Company loses $4 million in accounts payable fraud scheme: Lessons learned
Accounts payable fraud happens at companies of all types and sizes, so it’s important to put checks and balances in place to avoid these issues. One small company learned that the hard way.
After the company’s co-owner died, its comptroller was put in sole charge of the finances, according to Frank Rudewicz, a forensics accounting expert, in an article from The Patriot Ledger.
While before this happened, she was a high-performing, trusted employee, things quickly went south once she was promoted.
Uncovering accounts payable fraud
Five years after she received her new duties, the comptroller resigned abruptly. Soon after, the company’s internal audit manager performed a routine audit of A/P and found several unexplained transactions with no supporting documentation.

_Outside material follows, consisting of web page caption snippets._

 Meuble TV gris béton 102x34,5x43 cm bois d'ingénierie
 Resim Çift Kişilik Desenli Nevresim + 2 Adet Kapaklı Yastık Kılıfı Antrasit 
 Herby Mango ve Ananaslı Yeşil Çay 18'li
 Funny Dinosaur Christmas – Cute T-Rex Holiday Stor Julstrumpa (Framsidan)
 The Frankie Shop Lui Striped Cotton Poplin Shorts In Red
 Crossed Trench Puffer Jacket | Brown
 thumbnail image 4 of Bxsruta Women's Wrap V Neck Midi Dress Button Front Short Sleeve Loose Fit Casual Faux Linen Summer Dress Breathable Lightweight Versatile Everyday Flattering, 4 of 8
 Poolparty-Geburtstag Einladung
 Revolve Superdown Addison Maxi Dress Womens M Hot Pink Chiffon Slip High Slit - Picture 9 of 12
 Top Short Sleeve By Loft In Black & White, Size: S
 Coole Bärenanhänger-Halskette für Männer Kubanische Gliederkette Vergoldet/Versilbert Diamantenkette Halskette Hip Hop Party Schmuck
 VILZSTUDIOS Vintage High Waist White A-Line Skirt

The internal audit manager reached out to the former comptroller for clarification and got no response. So, she went to her CFO and CEO, and they authorized a forensic review to get to the root of the issue.
Forensic reviews go beyond just reviewing records and the general ledger, which means they can get costly. They examine computers for deleted files and internet history, and can even involve physically tailing someone to find out clues as to whether their actions are related to missing funds.
The results of the review were staggering: Files on her company machine and physical evidence proved the comptroller had started her own local clothing boutique – and was using fraudulent company card transactions and stolen checks to fund it.
In all, the former comptroller had embezzled over $4 million from the company.
Preventing future issues
The company put several procedures in place to prevent this type of accounts payable fraud from ever happening again, such as reviewing all cash receipts and disbursements monthly to check for fraudulent activity, only disbursing cash after management approval (with dual approvals for certain amounts), saving backups of all financial transactions to multiple locations and regularly evaluating risks present in internal Finance controls.
And, perhaps most importantly: The company separated its financial responsibilities so no one person handles them all alone anymore.
Companies can learn from this tale and make sure they have the controls in place to keep this kind of fraudulent activity from happening in their A/P departments. Performing regular self-audits in A/P can help you safeguard your company’s finances from accounts payable fraud.